- _To do_: For this exercise, please transcribe exactly and only the lines from the one containing "Fioriera 80 Rettangolare" through the end of the material, both ends included, without pictures.

- _Entries shown_:
──────────────────────────────
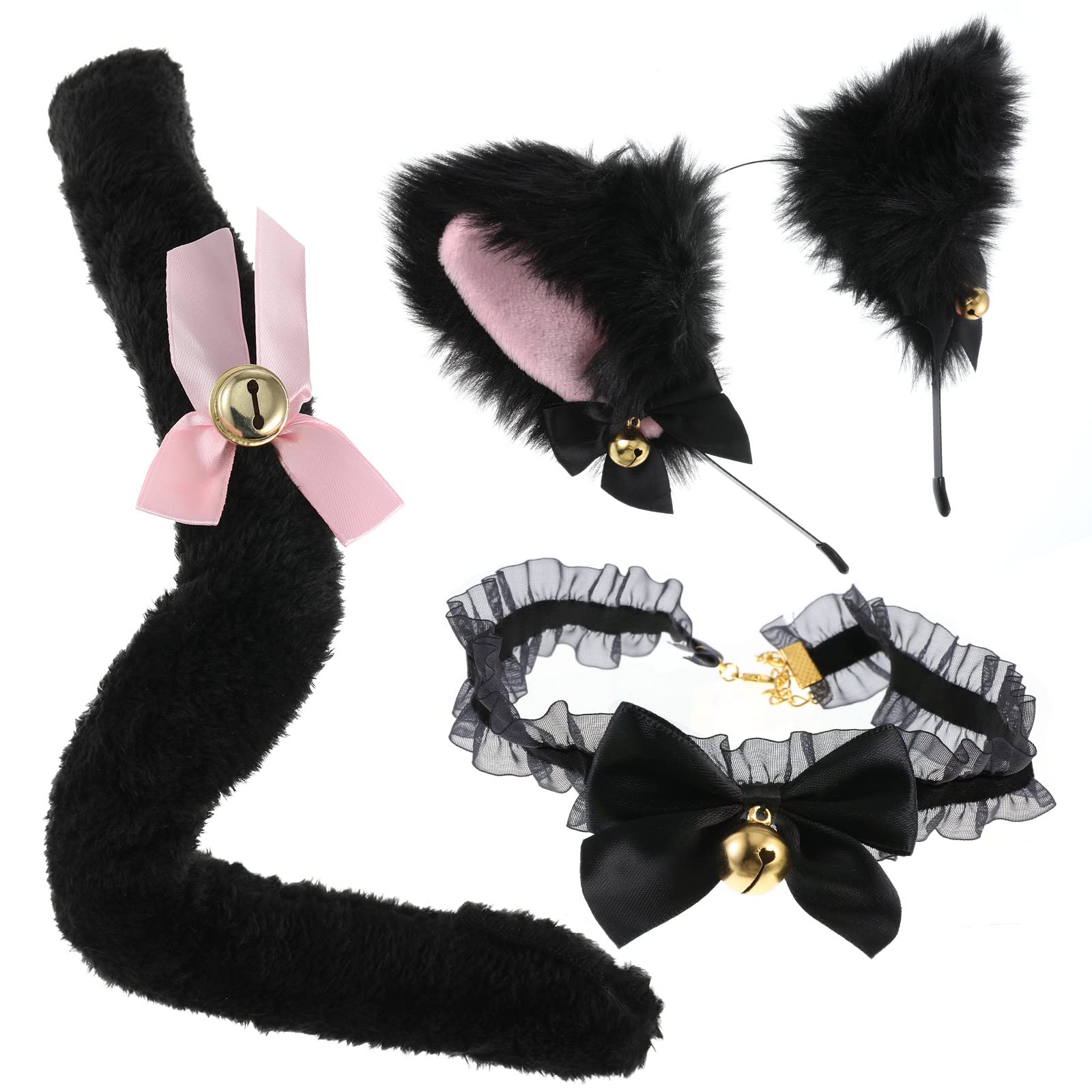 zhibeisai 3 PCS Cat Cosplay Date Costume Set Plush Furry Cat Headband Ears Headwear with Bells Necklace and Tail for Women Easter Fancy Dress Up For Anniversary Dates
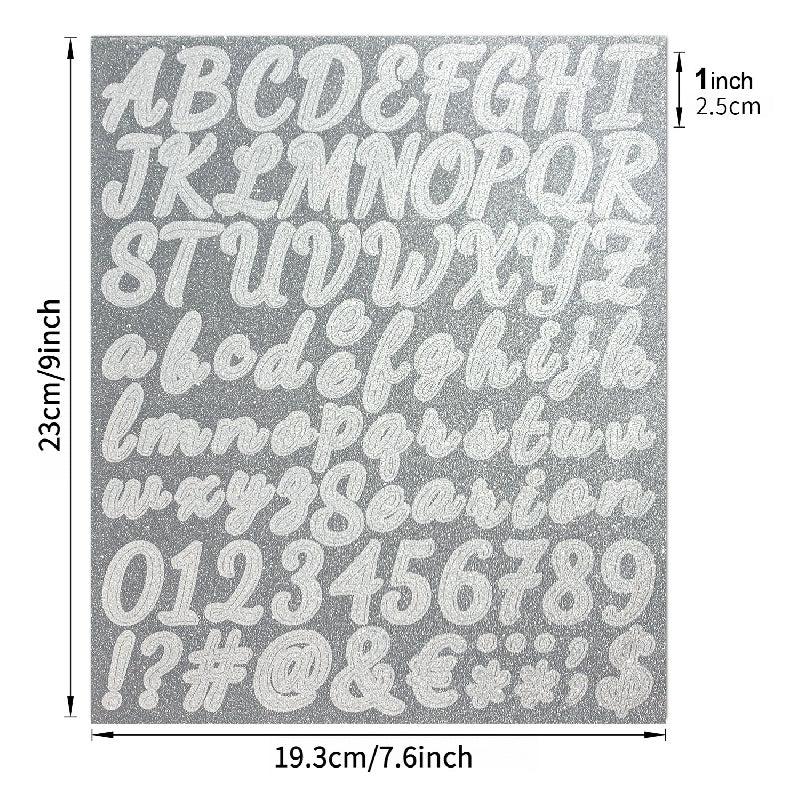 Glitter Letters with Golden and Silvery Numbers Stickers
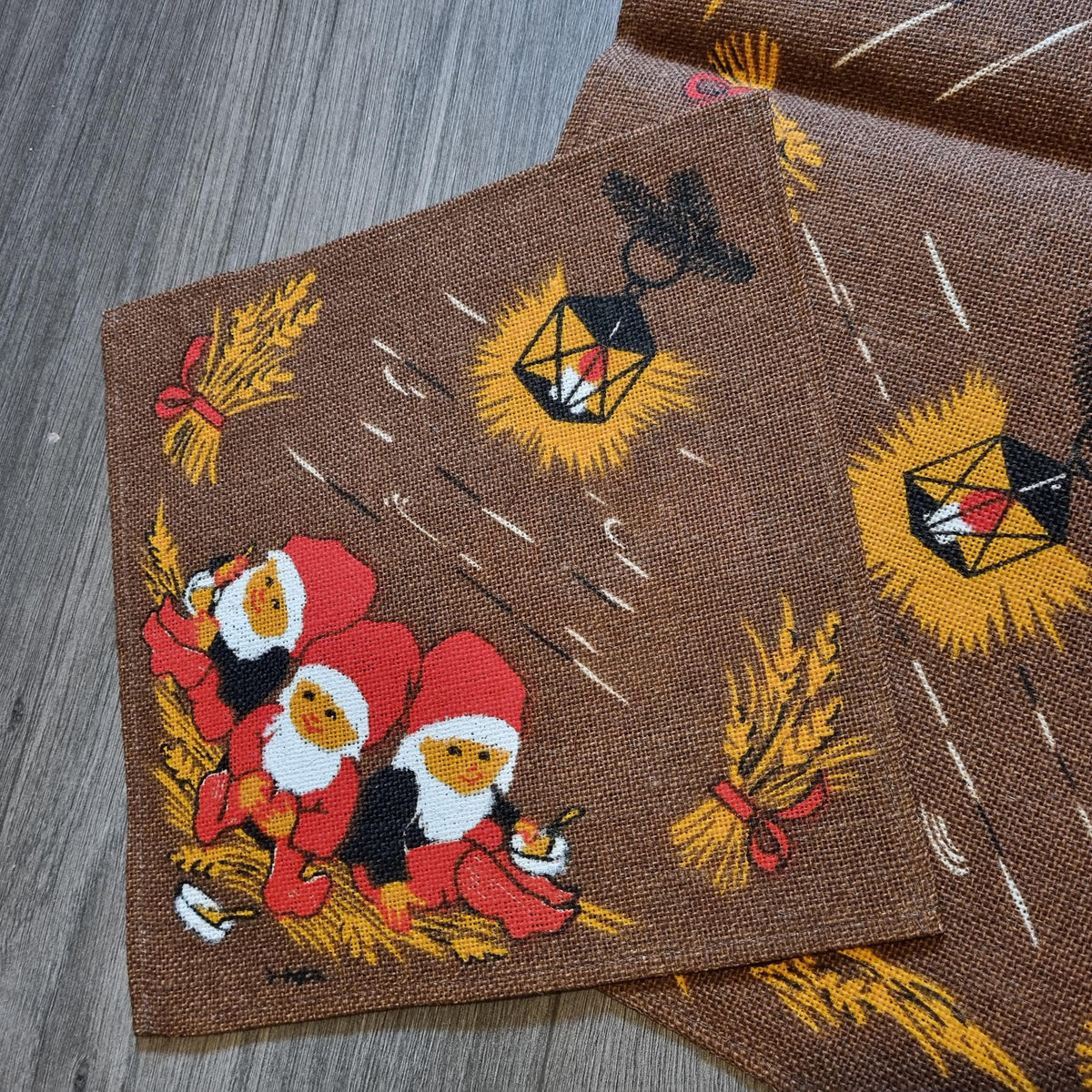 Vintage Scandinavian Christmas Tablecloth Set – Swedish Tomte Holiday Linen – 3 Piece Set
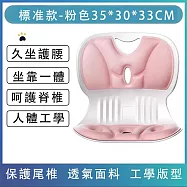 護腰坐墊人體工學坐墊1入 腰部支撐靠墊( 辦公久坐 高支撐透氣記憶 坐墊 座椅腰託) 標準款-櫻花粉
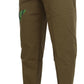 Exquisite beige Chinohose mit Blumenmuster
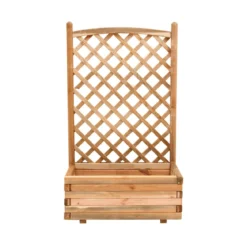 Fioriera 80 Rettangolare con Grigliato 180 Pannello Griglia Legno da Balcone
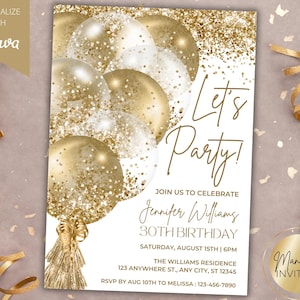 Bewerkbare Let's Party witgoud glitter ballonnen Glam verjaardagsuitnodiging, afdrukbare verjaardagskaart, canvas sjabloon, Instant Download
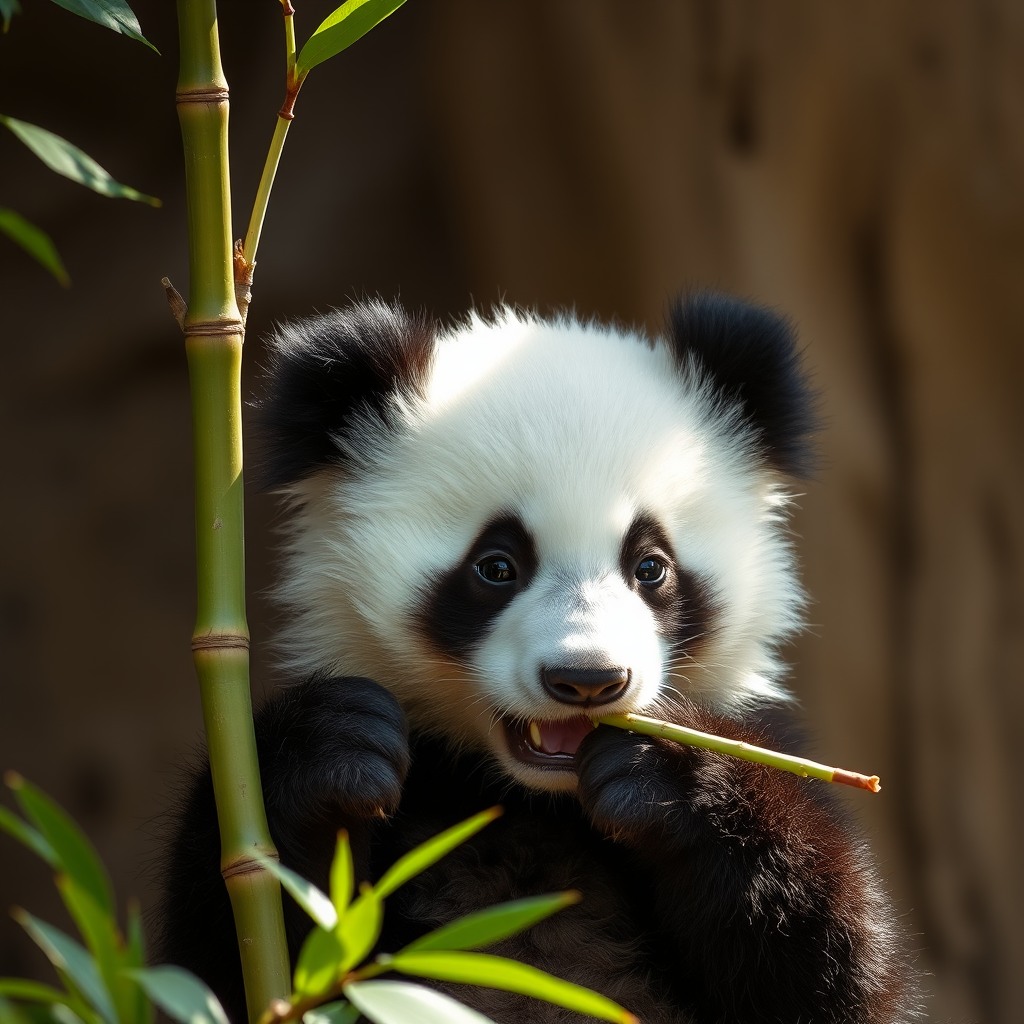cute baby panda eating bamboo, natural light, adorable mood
──────────────────────────────
- _Answer for this exercise_:
 Fioriera 80 Rettangolare con Grigliato 180 Pannello Griglia Legno da Balcone
 Bewerkbare Let's Party witgoud glitter ballonnen Glam verjaardagsuitnodiging, afdrukbare verjaardagskaart, canvas sjabloon, Instant Download
cute baby panda eating bamboo, natural light, adorable mood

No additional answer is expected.